Bayesian Restricted Spatial Regression for Examining Session Features and Patient Outcomes in Open-Enrollment Group Therapy Studies
Published in: Statistics in Medicine, v. 35, no. 1, Jan. 2016, p. 97-114
Group-based interventions have been developed for treating patients across a range of health conditions. Enrollment into such groups often occurs on an open (or rolling) basis. Conditional autoregression modeling of random session effects has been proposed to account for the expected correlation in session effects associated with the overlap in patient participation session to session. However, when the analytic objective is to examine the relationship between a fixed-effect session feature and a patient outcome using conditional autoregression, confounding might arise if the fixed session feature of interest and the random session effects vary across sessions in similar ways, resulting in bias and inflated standard errors of a fixed-effect session feature of interest.

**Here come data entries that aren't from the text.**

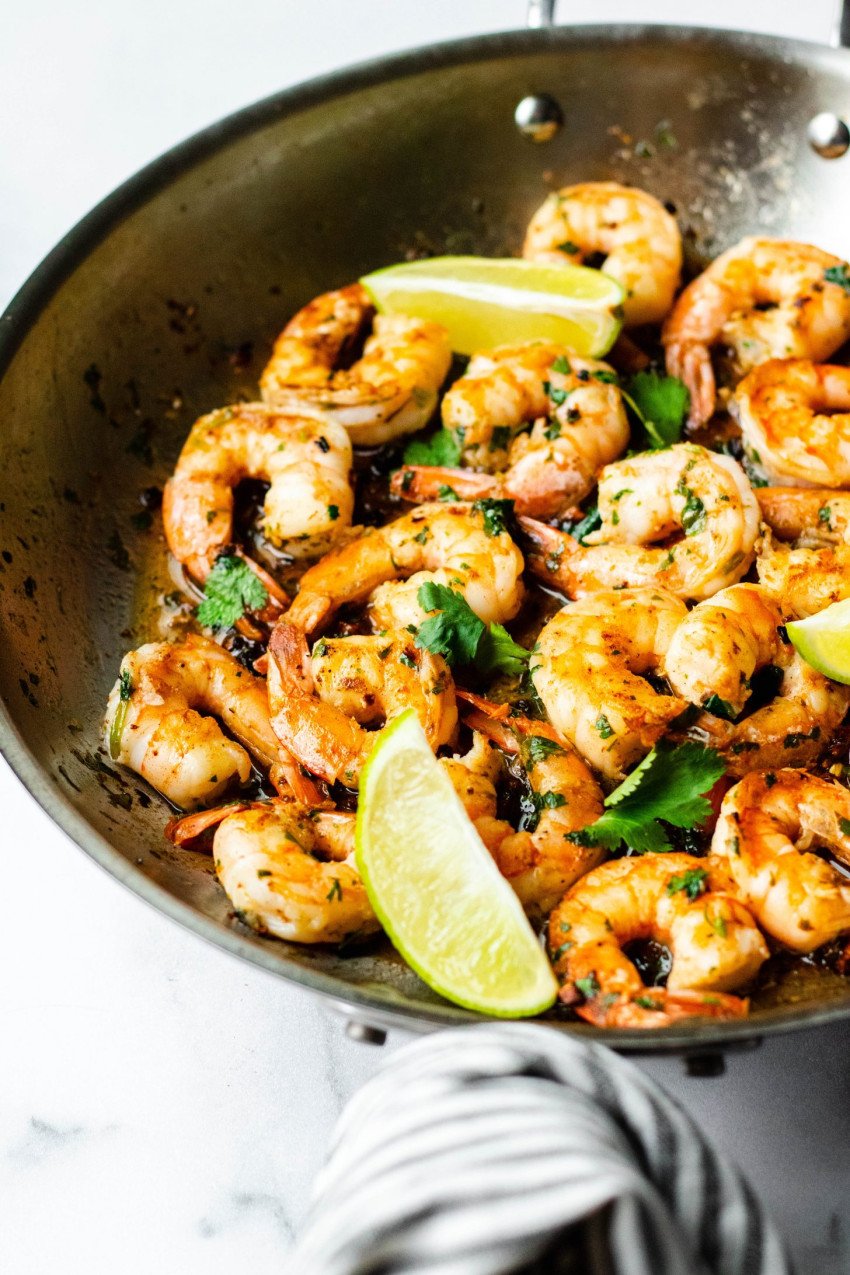Cooked cilantro lime shrimp in a frying pan with slices of limes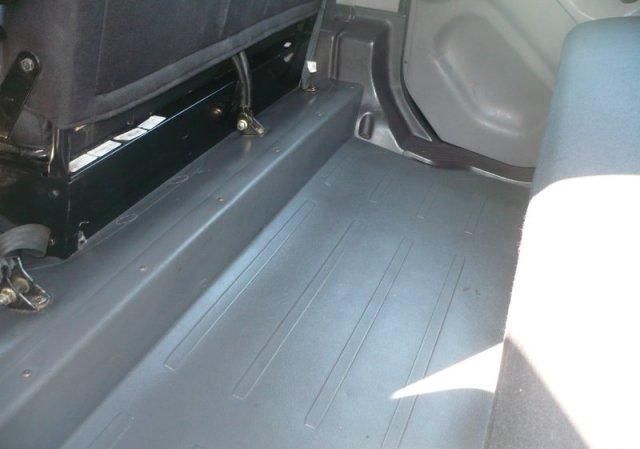 Freightliner M2 cab interior showing cabin floor and driver area.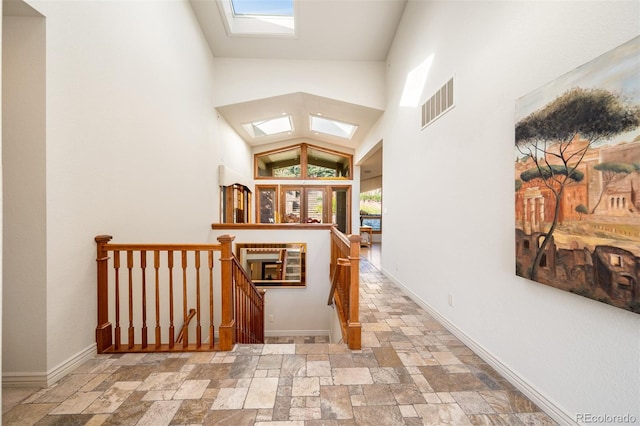 corridor featuring lofted ceiling with skylight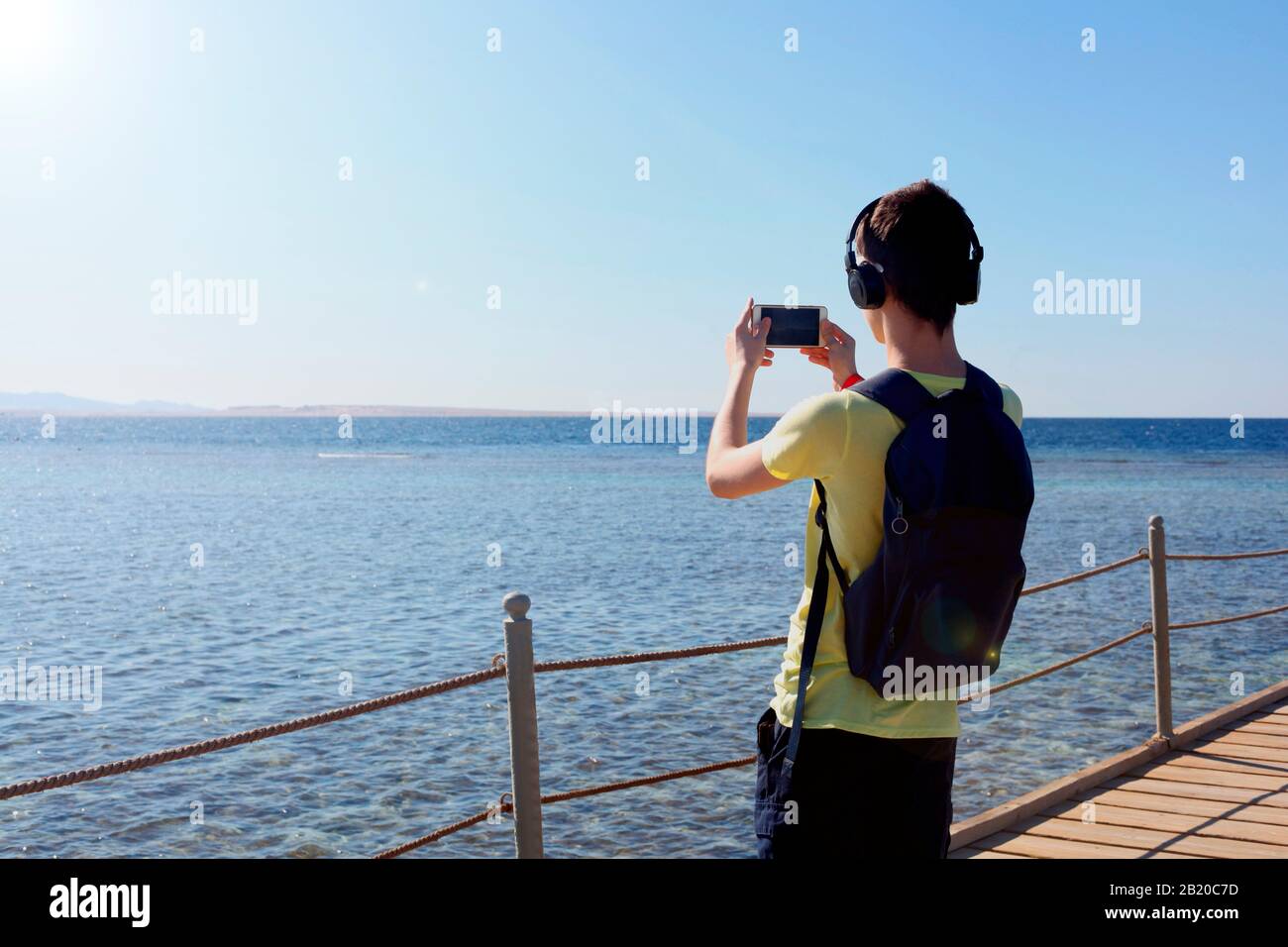 Hiphster Guy mit Kopfhörern, die auf der Digitalkamera eines Mobiltelefons in der Nähe des Meeres Bilder von wunderbarer Landschaft machen, wunderschönes Sonnenlicht Stockfoto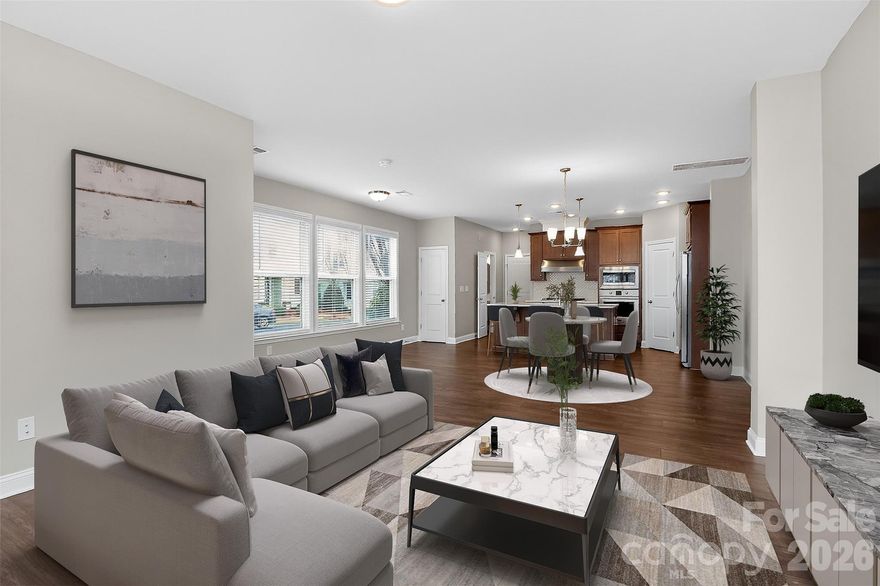 Welcome home to Chadwick Park! Enjoy the natural light in this end-unit townhome, which features 3 bedrooms, 2.5 bathrooms, and a 2-car garage with an extended parking pad. Upgrades include hardwoods on the main level and up the stairs. Freshly painted throughout and new carpet. Frigidaire Professional oversized gas range, oven, dishwasher, and microwave. Stainless Steel Fridge conveys as well. Beautiful quartz countertops, tile backsplash and oversized island. Corner pantry for ample storage. Upstairs is a loft area currently used as a second living room, 2 guest bedrooms, and the primary suite. The laundry room and hookup is also upstairs and oversized as well. Primary Suite features a generous bedroom and walk-in closet. Primary bathroom features dual sinks, quartz countertops, a linen closet, a shower, and a separate water closet. HOA maintains the beautiful landscaping and downtown Pineville is just one block away! Enjoy Waterbean Coffee in the morning on Main Street and wind down after work with a glass of wine at Margaux's Wine, Pizza & market. This townhome is set in a village-like setting with so much downtown charm, yet minutes to all of Uptown Charlotte's culture, Blue Line Light rail/ I-485 Station, airport and major highways.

Motivated by the goal of examining the relationships between outcomes and the session features of leader and session module theme, we applied restricted spatial regression to the analysis of patient outcomes collected from 132 participants in an open-enrollment group for treating depression among patients of a residential alcohol and other drug treatment program, adapting the approach to the multilevel data structure of open-enrollment group data. As compared with standard conditional autoregression, the restricted regression approach resulted in more precise estimates of regression coefficients of the module theme and leader predictor variables. The restricted regression approach provides an important analytic tool for group therapy researchers who are investigating the relationship between key components of open-enrollment group therapy interventions and patient outcomes.